Hoping this is the right forum to ask for this help. I have a 2 story house (rental property) with a single heat pump. The air handler is in the attic, and the system is about 15 yrs old. It blows hot & cold as it should. Last summer, the entire house was too hot. I discovered all the ductwork in the attic & the chase had disintegrated (it was the plastic stuff only used briefly during the late 80s I’m told). I had all the duct in the attic & chase replaced, plus about 10’ of horizontal duct between the first /second floors. That was where the bad ducting ended & the rest seemed fine. After installation, the house was comfortably cool again. Now that winter has come to Virginia, I have a wild temp swing for upstairs vs down. With the thermostat set at 72 on a cold day, the temp upstairs is 78, downstairs is 63 *and this is with the upstairs vents closed & downstairs open.* Air seems to be blowing through the downstairs vents, though not as much force with heat as with a/c. I have a home warranty company, and they sent out an HVAC company. The guy was there for 10 minutes with my tenant, and said I need dampers & left. This particular company has hundreds of horrible reviews online, so I’m not sure why the warranty company uses them, but some of the reviews make me think they are just collecting the fee & never plan to do any work, so it doesn’t matter what they report back. But that’s another story.

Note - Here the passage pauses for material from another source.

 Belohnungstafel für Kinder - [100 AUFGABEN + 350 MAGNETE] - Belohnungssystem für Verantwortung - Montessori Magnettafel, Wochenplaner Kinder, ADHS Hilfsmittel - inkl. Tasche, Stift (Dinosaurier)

So here’s my question - It seems to me that dampers would do nothing, since by manually closing the upstairs vents with downstairs open, I’m doing the same thing dampers would do (feeding air where it’s needed while restricting it where it’s not). Does that make sense? My thought is that there must be additional blockage in the downstairs ducts. It wasn’t noticed in hot weather since the cold air from upstairs settles & helps what air was getting through the downstairs vents to keep it comfortable. But hot air doesn’t do that, so the back-pressure from the clogged vents is escaping from the “closed” vents upstairs, keeping that area warm while not allowing enough heated air downstairs to be comfortable.

Any advice or insights would be greatly appreciated!


----------



## beenthere (May 30, 2009)

Sorry, we're a tradesmen only site.

Please use our sister site DIYCHATROOM.COM, thank you.

Thread closed.


----------